Authors At Home: Jon Clinch “The General and Julia”

The Reading Lists Staff
The Reading Lists
Published in
4 min readDec 19, 2023

Today on Authors At Home, we’re featuring Jon Clinch. Jon Clinch is the author of the acclaimed novels Finn, Kings of the Earth, The Thief of Auschwitz, Belzoni Dreams of Egypt, Marley, and The General and Julia.

The General and Julia is a masterful portrait of an American Hero, General Ulysses S. Grant. Jon peels back the layers and presents an unfiltered look at the legacy and life of our 18th President. In this interview, find out what Jon was surprised to learn from his research of Grant and what inspired him to write about this towering figure in the first place. The book is on sale now so be sure to also get the book at your local bookstore or library!

What was it about Grant that made you want to write about him and his family? What inspired you to write a fictional account?

I saw his final year — in particular, his final month — as an act of heroism far more telling and evocative than the things most of us know about him from the Civil War. Having lost his money, his standing, and his health, he undertook the impossible to preserve his family’s well-being after his death ground. It seemed to me that a person with the character to accomplish what he did would be worth looking at very closely.

Would you have done what Grant did in his situation when it came to losing his finances?

I’d like to think so — wouldn’t we all? — but I doubt that I would have the power or the will to pull it off. It took a titanic effort.

There have been many fantastic reviews of THE GENERAL AND JULIA from trade publications and other authors. Is there anything that hasn’t been noted in the reviews that you hoped readers would take away from the book?

Nothing in particular, really — although I’m particularly glad when a reader notes that The General and Julia is, above all, a love story.

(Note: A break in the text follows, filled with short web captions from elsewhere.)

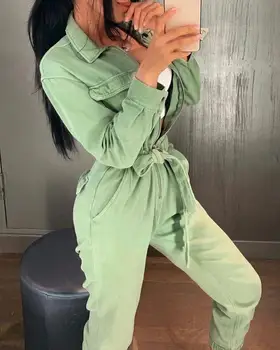 

Solid Long Sleeve Zipper Pocket Cargo Jumpsuit Women Buttom Up Sashes Rompers Womens Jumpsuit Casual Loose Overalls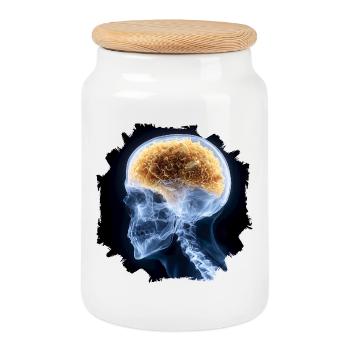 The other day at the X-ray - everything is fine - Cookie Jar with Wooden Lid - white - Front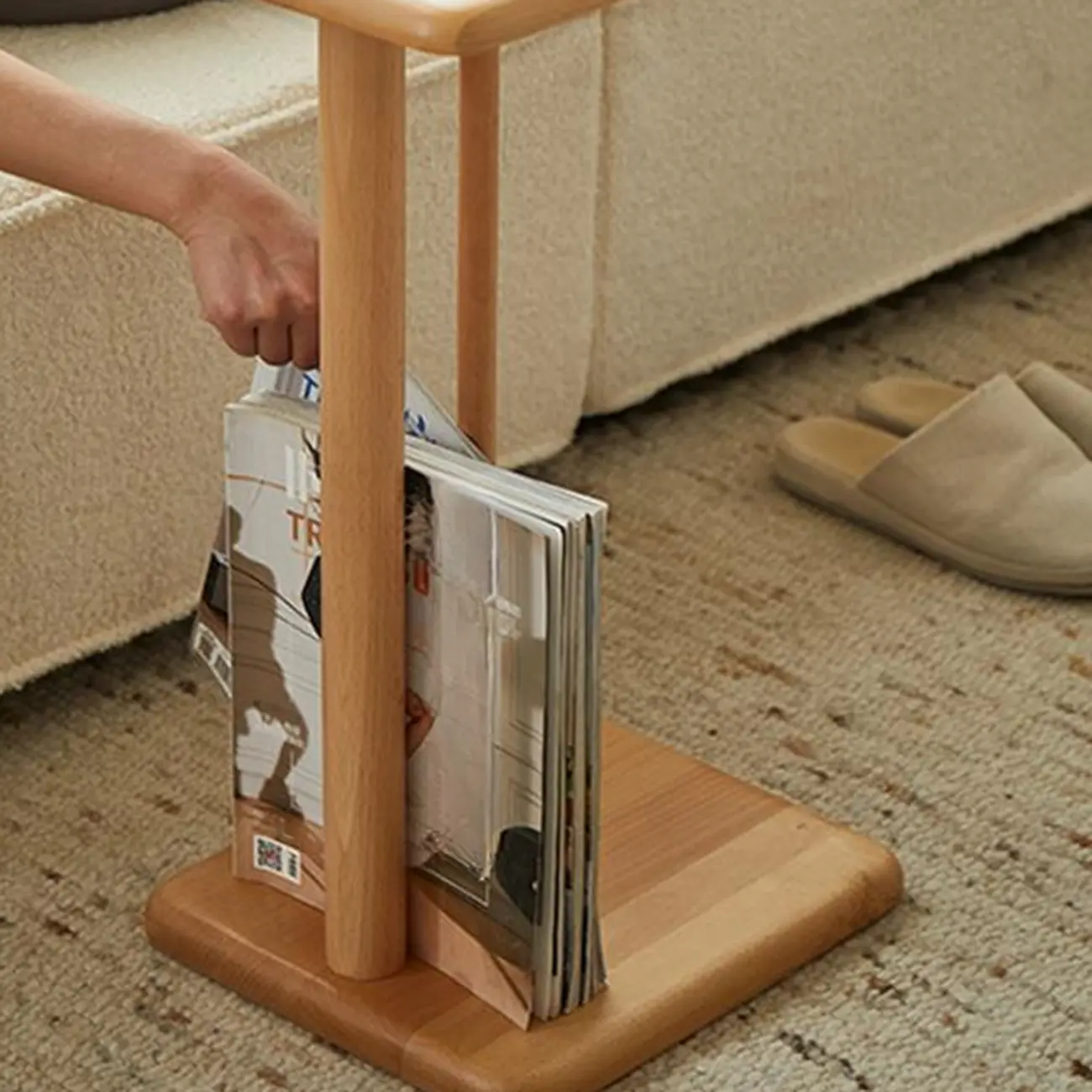 Slim Natural Wooden C-Shaped Sofa Side Table with Storage Image - 4 | homeyfad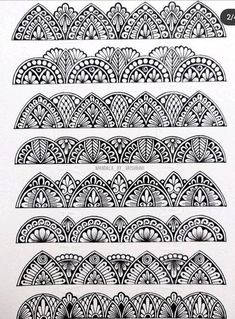 an intricately designed pattern is shown in black and white on a sheet of paper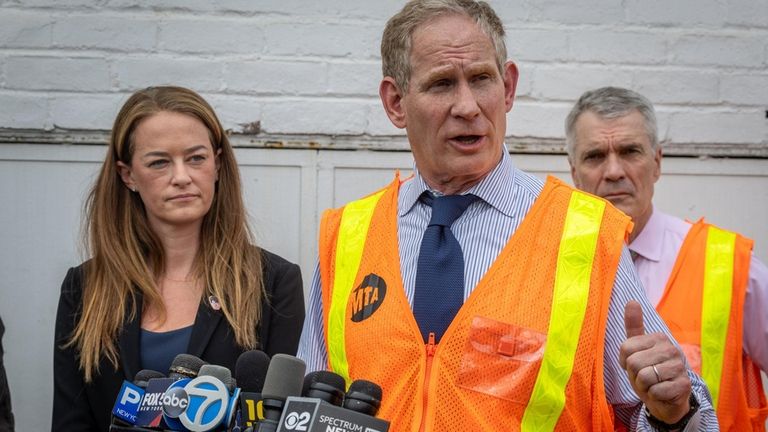 MTA chairman and CEO Janno Lieber, with FDNY Commissioner Laura...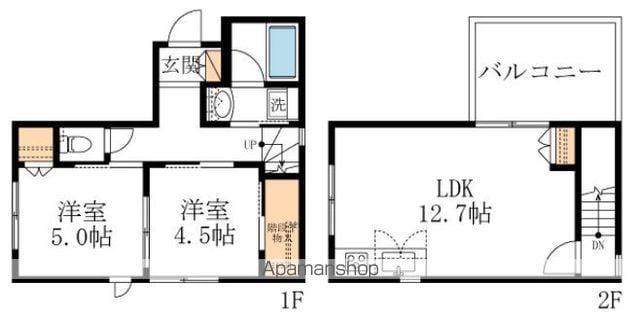 多摩モノレール 柴崎体育館駅 徒歩12分 2階建 築2年(2LDK)の間取り写真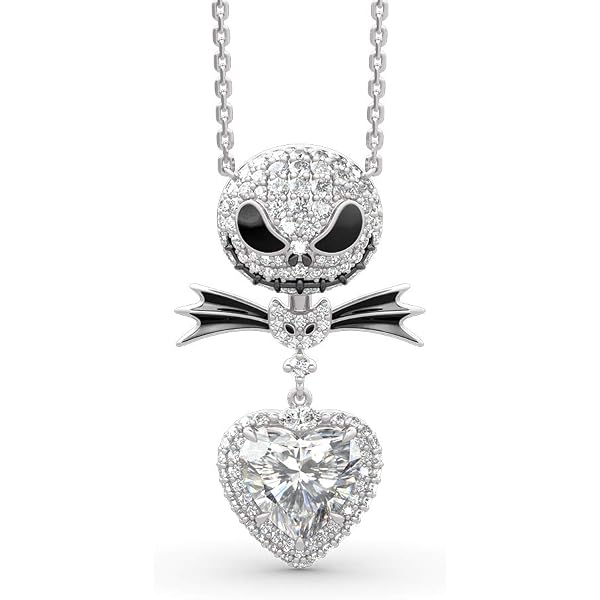 Collier Long Pendentif Jack Skellington - Chaîne Argentée - Neuf Avec étiquettes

Not a romance, a love story. The whole novel is driven by one man’s love for his wife, his children and grandchildren, his country, his fellow Americans, his fellow soldiers, and so on. If I’ve conveyed that, I’ve made a good start.

Was it difficult to write dialogue or scenes based on historical information? How did you fill in the blanks when historical record wasn’t enough?

The novelist’s job is to bring events and characters to life, and sometimes the more you detail know the less you let your imagination work. It’s all about consistency of vision and style. While writing Marley, I tried to create one scene where every bit of dialog was taken from Dickens’s original text — it didn’t fit with the tone of the rest of the book, and so it failed miserably. I had to scrap it and do it my own way.

Was there any information that came up in your research on General Grant that you found surprising or didn’t expect?

Ulysses Grant was our only sitting president to be arrested while in office. (He and some friends were apprehended racing their carriages along the streets of Washington — twice. He paid his fine without complaint.)

Atria

About the Book:

From the acclaimed author of Marley and Finn, a novel both intimate and epic capturing Ulysses S. Grant during his final days as he reflects on his life and reckons with his complicated legacy.

Once hailed as the Savior of the Union, he was the General who secured Robert E. Lee’s surrender at Appomattox. He was elected President of the United States twice and fought fiercely to protect the civil rights of African Americans and thwart the rise of the Ku Klux Klan. He had also been an impoverished farmer, a failed tycoon, and a devoted husband to Julia, a Southerner whose family owned slaves up to the end of the Civil War. Now barely able to walk or talk, with cancer metastasizing in his throat, Ulysses S. Grant is feverishly working to finish writing his memoirs before he dies in the hopes of providing his family with a modicum of financial security and redeeming himself in the annals of history.

Moving from blood-stained battlefields to Gilded Age New York, the novel explores how Grant’s own views on race and Reconstruction changed over time. Another work of “must-read modern literature” (Charles Frazier, New York Times bestselling author) from historical fiction master Jon Clinch, this evocatively crafted novel breathes fresh life into an American icon.

About Jon Clinch:

Jon Clinch is the author of the acclaimed novels Finn, Kings of the Earth, The Thief of Auschwitz, Belzoni Dreams of Egypt, Marley, and The General and Julia. A native of upstate New York, Jon lives with his wife in the Green Mountains of Vermont.

Jon has also lectured and taught widely, in settings as varied as the National Council of Teachers of English, Duke University, the Mark Twain House and Museum, and the Pennsylvania State University. In 2008 he organized a benefit reading for the financially ailing Twain House, enlisting such authors as Tom Perrotta, Elizabeth Letts, and Arthur Phillips for an event that saved the house from imminent bankruptcy. It’s probably the most important work he’s ever done.